In the records below, find the line that contains "Отличная новость! Никки" and the line that contains "Железный арматур 4-12"; write out exactly those two lines and everything between them, without the pictures.

Study material:
——————————

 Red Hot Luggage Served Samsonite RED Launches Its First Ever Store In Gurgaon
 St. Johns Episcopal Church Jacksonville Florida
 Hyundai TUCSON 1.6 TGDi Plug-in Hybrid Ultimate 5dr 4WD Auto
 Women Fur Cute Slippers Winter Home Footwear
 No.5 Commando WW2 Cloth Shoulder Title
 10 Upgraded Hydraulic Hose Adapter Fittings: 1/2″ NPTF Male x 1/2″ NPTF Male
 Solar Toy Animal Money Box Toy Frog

——————————

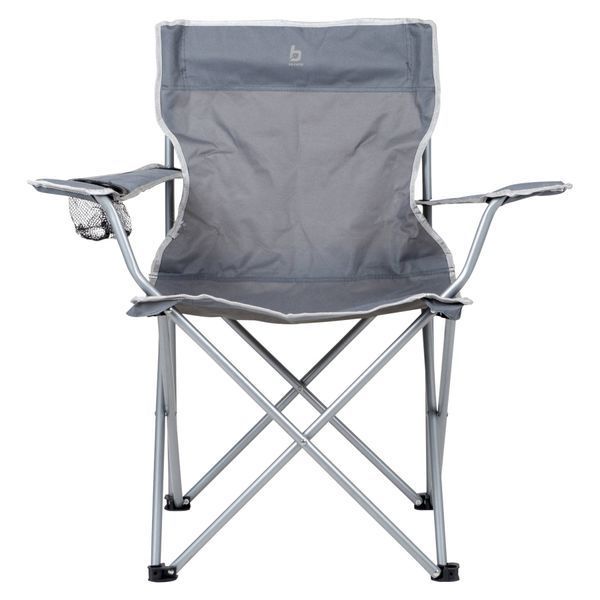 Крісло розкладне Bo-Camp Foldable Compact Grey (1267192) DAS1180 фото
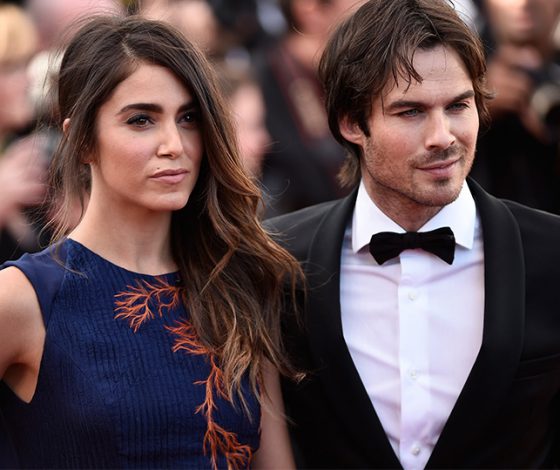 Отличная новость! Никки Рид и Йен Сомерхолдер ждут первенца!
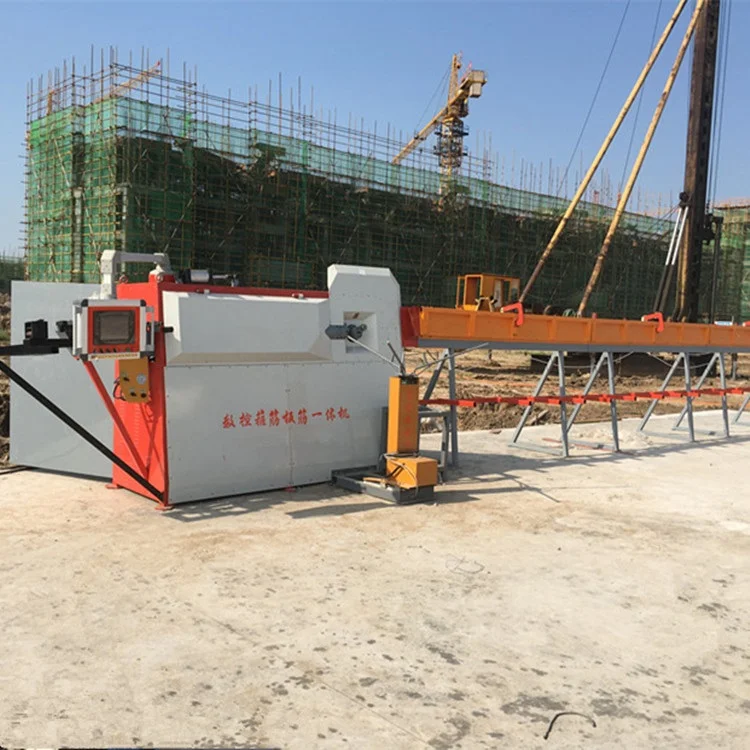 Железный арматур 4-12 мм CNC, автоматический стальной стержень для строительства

——————————

Answer below:
 Отличная новость! Никки Рид и Йен Сомерхолдер ждут первенца!
 Железный арматур 4-12 мм CNC, автоматический стальной стержень для строительства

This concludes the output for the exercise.